*DATA SECTION*:
□ □ □ □ □ □ □
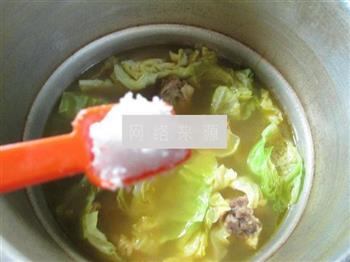圆白菜牛排骨汤的做法步骤8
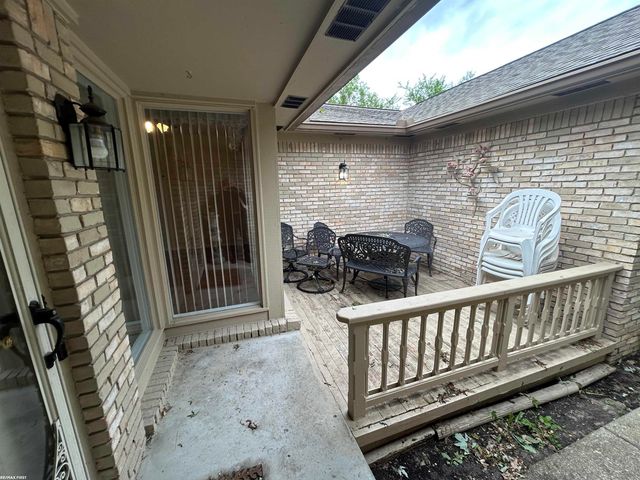 17765 E Kirkwood Drive, Clinton Twp, MI 48038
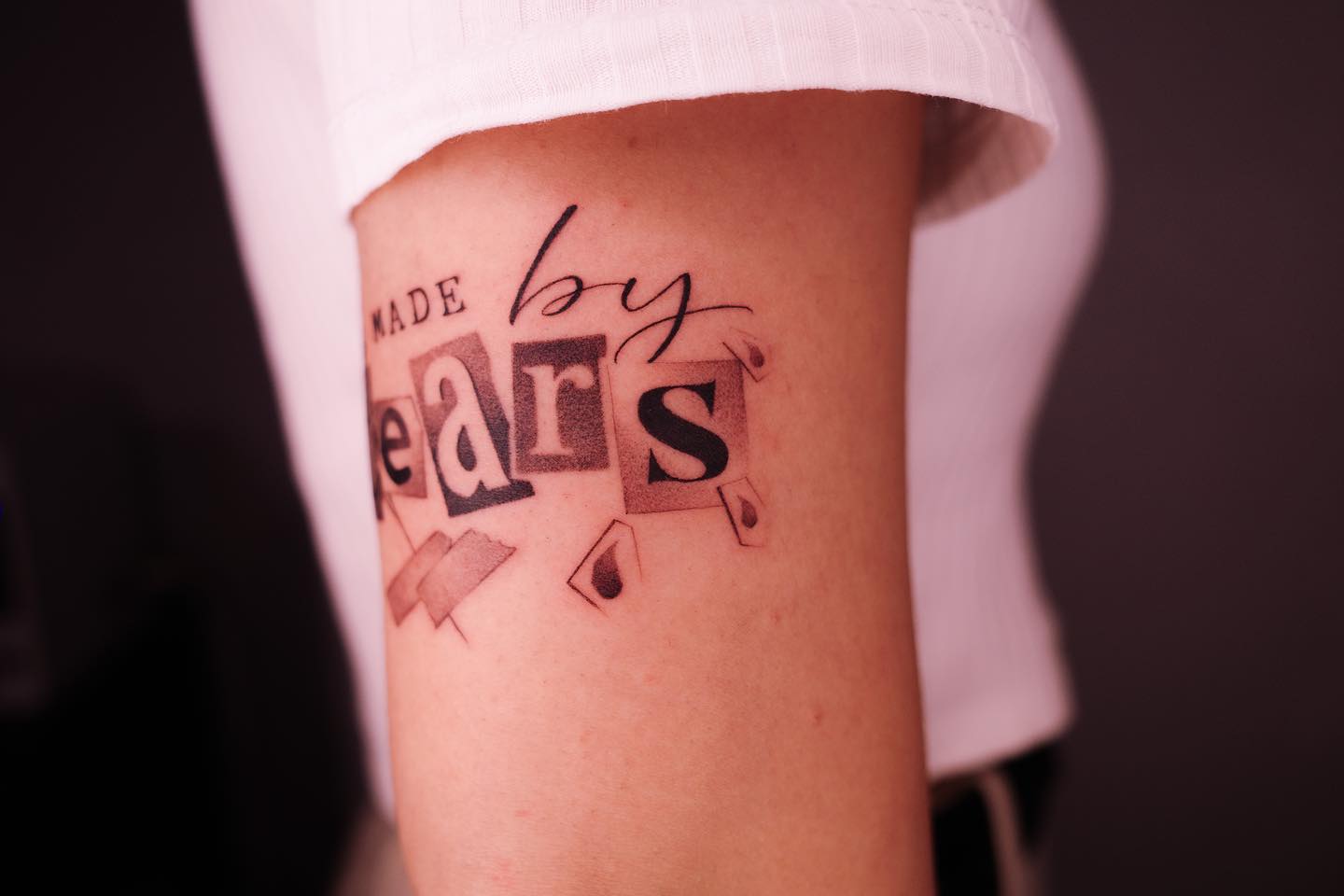 Lettering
□ □ □ □ □ □ □
*INSTRUCTIONS TO FOLLOW*:
Reproduce the listing exactly, images omitted.

*RESPONSE TO THE EXERCISE*:
圆白菜牛排骨汤的做法步骤8
 17765 E Kirkwood Drive, Clinton Twp, MI 48038
 Lettering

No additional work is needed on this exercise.